Morale de la (des) crise(s)

Morale de la (des) crise(s)

La crise sanitaire qui touche actuellement l’ensemble de l’humanité (ou peu s’en faut) suscite bien évidemment de nombreuses réflexions et analyses. En toute humilité et en toute empathie envers celles et ceux qui souffrent à quel titre que ce soit de la crise actuelle, voici une petite contribution à ce travail de réflexion. Avec pour seule ambition de tirer d’éventuels enseignements pour la gestion d’autres crises, d’autres défis.

Comment un groupe humain fait-il face à une menace grave et avérée – qu’il s’agisse d’une situation de crise (entendue comme un phénomène rapide et de grande ampleur) ou d’un phénomène plus lent, plus insidieux ou moins directement perceptible ? La manière de faire face dépend évidemment de la nature de la menace. Il est dès lors délicat de comparer la gestion d’une crise sanitaire à celle d’un problème environnemental (effondrement de la biodiversité, bouleversements climatiques, …) ou social (paupérisation, migrations, …). Il semble néanmoins possible de dégager quelques éléments de réflexion qui pourraient s’avérer utiles à celles et ceux dont l’action vise à ce que tous les membres de la communauté humaine présents et à venir puissent vivre sur une planète préservée, dans un environnement propice à une vie décente et sereine.
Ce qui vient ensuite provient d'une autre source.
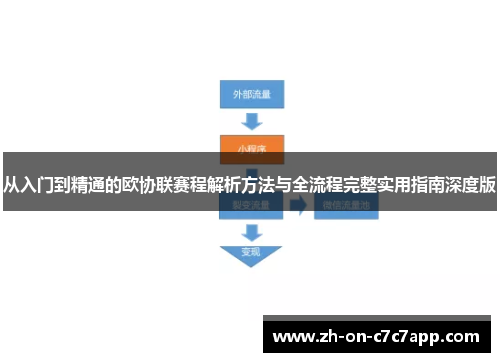 从入门到精通的欧协联赛程解析方法与全流程完整实用指南深度版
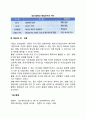 M&A의 종류와 특징에 대해 생각해보세요 6페이지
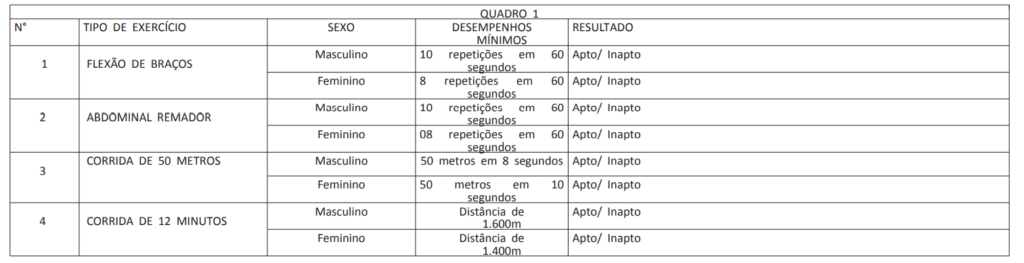 Concurso TRT PB: teste de avaliação física 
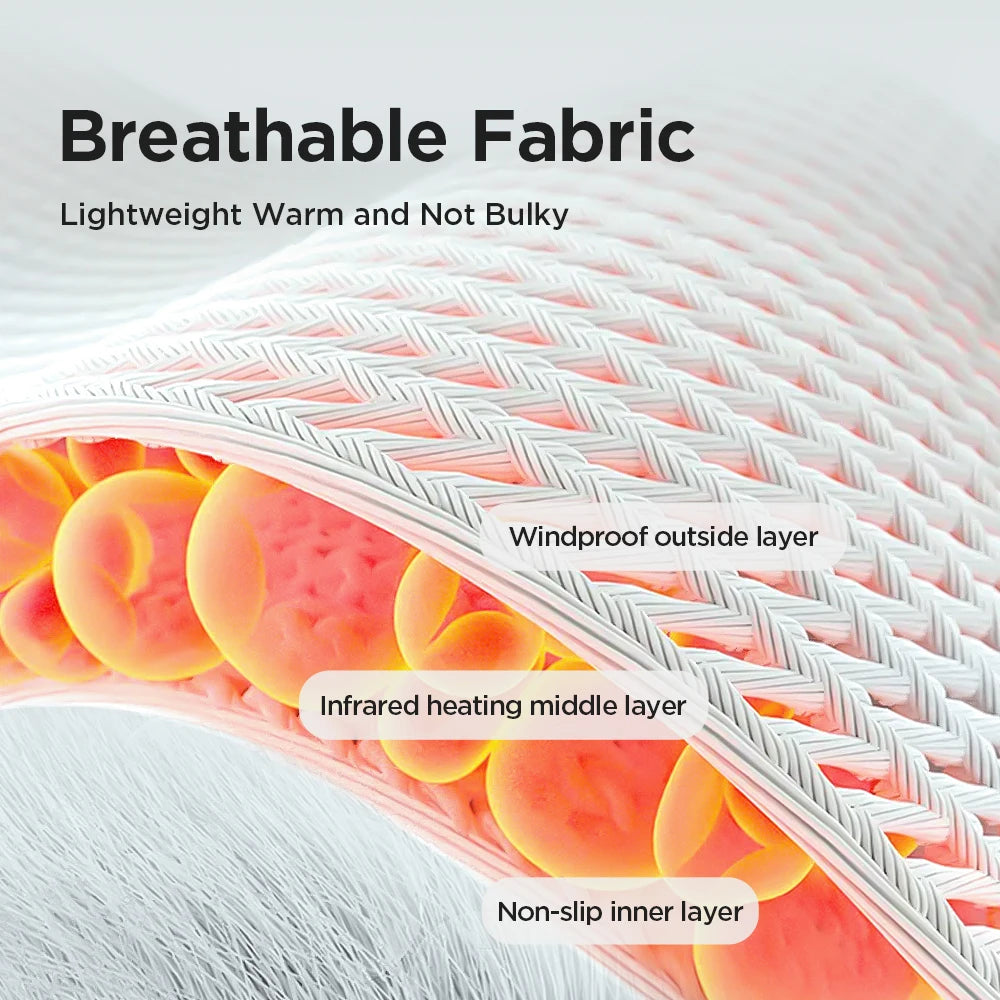 Electric Heating Wrist & Ankle Massager – Heat & Vibration Therapy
Face à la pandémie de coronavirus qui s’est progressivement répandue sur tous les continents au cours du premier semestre 2020, de très nombreux Etats ont prouvé que gérer une crise grave en déployant des moyens réputés inutilisables est possible, même en démocratie. La qualité de la gestion dépend bien évidemment de nombreux paramètres, dont quelques-uns apparaissent déterminants : la faculté à prendre la mesure de la gravité de la situation, la rapidité de cette prise de conscience et de la réaction qui s’ensuit, l’adoption de mesures proportionnées.

Dans un contexte de mondialisation, la dynamique de développement d’une pandémie (qui, de « petite » épidémie localisée, se déploie en quelques semaines sur l’entièreté de la planète) rend particulièrement difficile une perception correcte de la gravité de la situation dans les délais qui permettraient de la « tuer dans l’œuf ». Les pouvoirs publics (cette considération concerne notamment les réactions des Etats européens) ont, pour beaucoup, tardé à intégrer pleinement les alertes lancées par de nombreux experts de la santé. Lorsqu’on est « le nez dans le guidon » de la gestion quotidienne, il est très difficile de ne pas considérer comme futile tout ce qui ne relève pas de ces dossiers réputés urgents dans lesquels on s’investit sans compter. Il est tout aussi difficile de résister à l’impératif de croissance qui impose la plus grande prudence face à toute mesure qui pourrait « nuire à l’économie ». Accepter comme fondées les mises en garde des professionnels de la santé (dont les premières remontent au moins de janvier) demandait donc une belle capacité à s’extraire du quotidien, une ouverture d’esprit hors du commun et un réel respect pour les lanceurs d’alertes. C’est sans doute une culture politique favorisant ces qualités qui explique que certains pays, comme l’Islande, ont réagi plus tôt que d’autres. Tout ce qui peut favoriser l’émergence ou le renforcement de ces qualités semble donc de nature à améliorer les réponses sociétales aux grands défis auxquels est confrontée l’humanité. Ceci pourrait constituer un premier enseignement.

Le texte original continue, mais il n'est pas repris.